There have been many scenes that have followed and defined a generation, from Punk to New Romantics to Acid House. There were also several Mod Revivals, when the late 70s brought us the likes of The Jam and what were Britpop bands like Oasis, Blur, Ocean Colour Scene and The Verve if not a throwback to the attitude and fashion of the bands of the original Modernists, bringing it all back with the love of music and a sense of belonging for many.
But somewhere along the line, subcultures have died out and perhaps even become something that we long for. The music continues to be a pressing movement towards change in society. Subconsciously artists and bands divide the attention of prolonging subcultures, but will we ever have such a communal feeling again?

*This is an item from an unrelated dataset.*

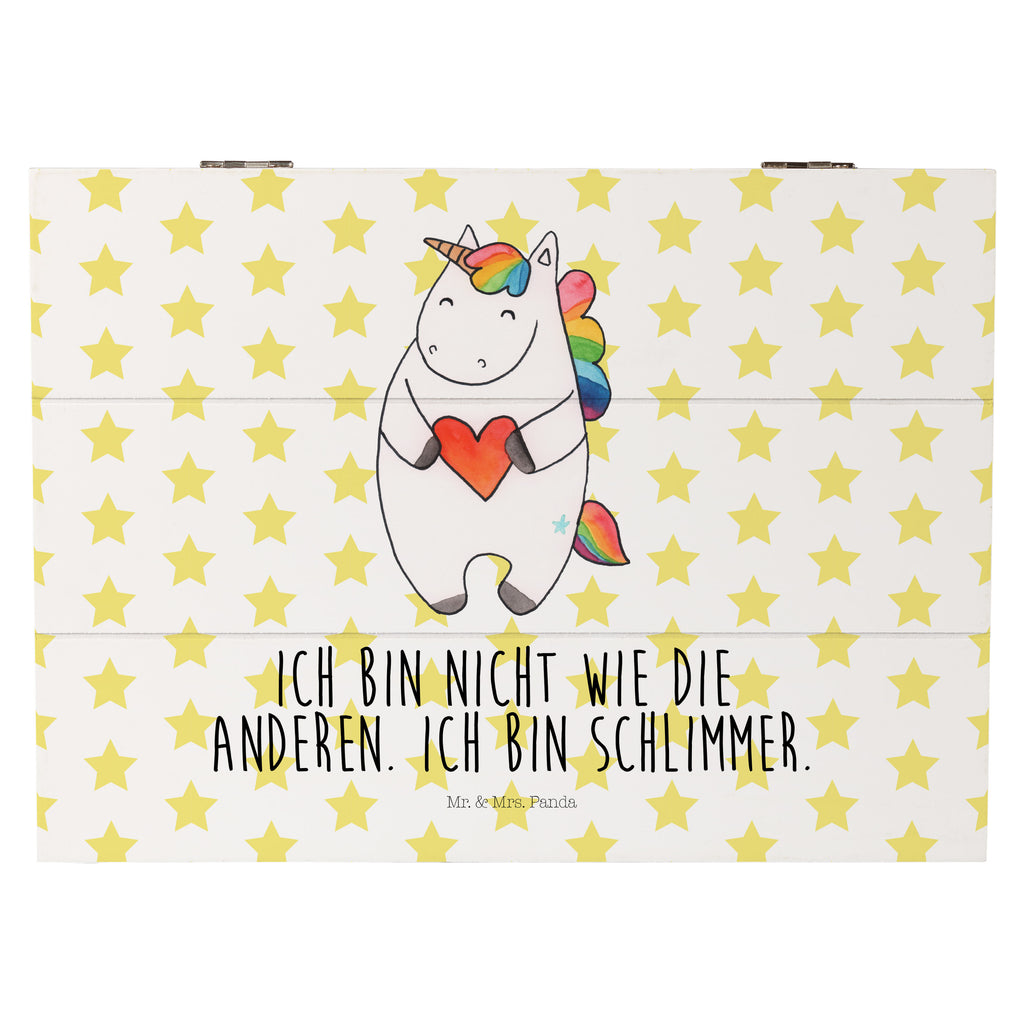 Holzkiste Einhorn Herz Einhorn, Herz, Einhörner, Unicorn, schlimm, böse, witzig, lustig, Freundin, anders, bunt Holzkiste, Kiste, Schatzkiste, Truhe, Schatulle, XXL,  Erinnerungsbox, Erinnerungskiste, Dekokiste, Aufbewahrungsbox  Einhorn, Einhörner, Einhorn Deko, Pegasus, Unicorn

The dying out of the scene is cruel and unfortunate, and it’s hard to pinpoint exactly how and why it has happened. Is it the harmogenised society we live in, where we all just want to fit in? Legendary DJ Don Letts said to The Guardian earlier this year that “There is no more counter-culture, only over-the-counter culture” and that “people become musicians to join the establishment“.
Undoubtedly, it is because of the excessive change in society. Lest we forget, many young adolescents don’t go out to clubs and enjoy the music, instead they stand on their phones documenting where they have been and who with, rather than losing themselves in the moment. Maybe this could count as a subculture in itself.
Has the subculture has been killed by the evolution of technology, and will it ever make a comeback? Or have we become a larger community?